Nel censimento l’Istat traccia a anche un bilancio degli ultimi dieci anni che definisce come “Un decennio perduto di crescita della produttività del lavoro”. Con una crescita complessiva dell’1,6% in termini reali , la dinamica del Pil italiano è stata la più lenta tra tutte quelle dei paesi europei.

Tra il 2008 e il 2012, in particolare, è stato perso oltre l’80% della crescita realizzata dal 2000 al 2007. I dati più recenti mostrano timidi segnali di ripresa nel settore industriale, mentre nei servizi sembra persistere un quadro recessivo.

Sempre nello stesso periodo il sistema delle imprese ha mantenuto una connotazione fortemente incentrata sulla piccola dimensione aziendale: nel 2011 risultano attive circa 4,4 milioni di imprese, con 16,4 milioni di addetti.

L’utilizzo di Internet è lacunoso nel mondo delle microimprese. Il 77% delle imprese tra i 3 e 9 addetti dispone di una connessione. Il 65,7% utilizza un collegamento in banda larga ed il 16,5% una connessione mobile.

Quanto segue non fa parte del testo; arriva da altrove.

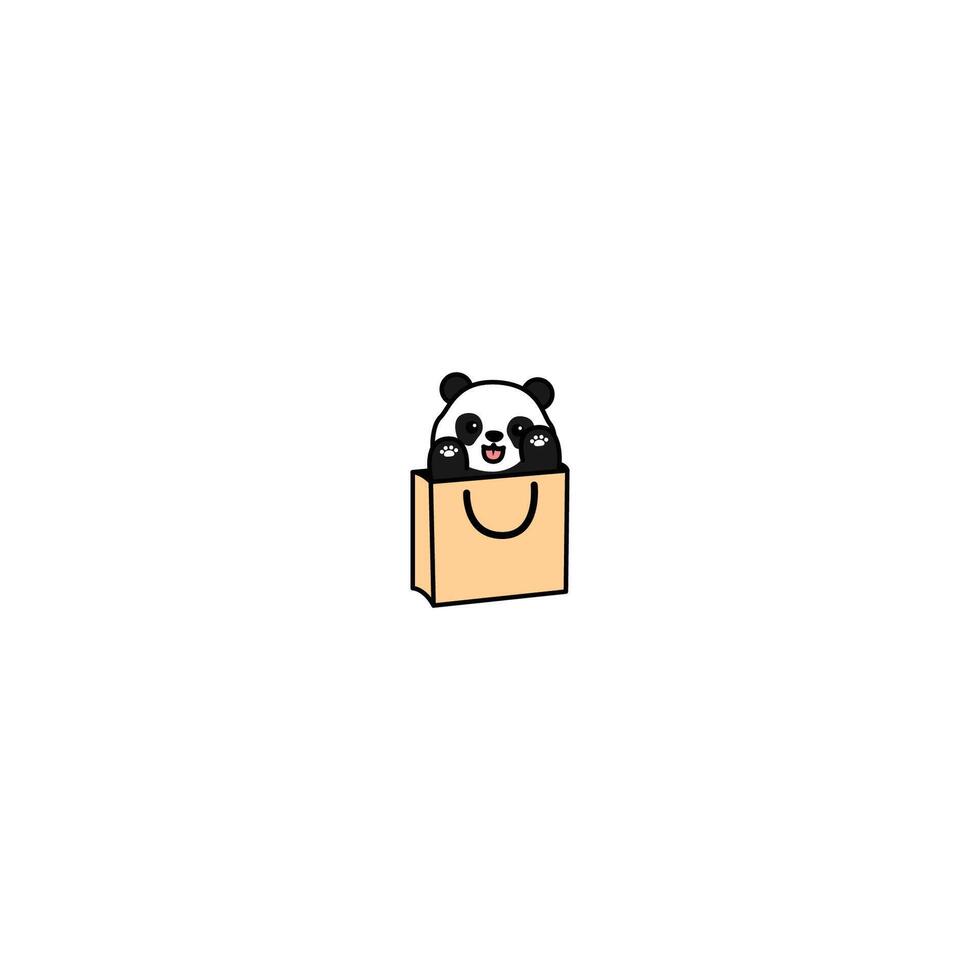 Cute panda in a paper shopping bag cartoon vector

Tuttavia, il 42,2% delle microimprese reputa internet non necessario o inutile per l’attività che svolge. Le microimprese utilizzano internet soprattutto per i servizi bancari e finanziari (62,8%) o per ottenere informazioni (42,1%), ma anche per svolgere procedure amministrative interamente per via elettronica (26,9%). Un terzo delle microimprese utilizza un sito web o pagine internet.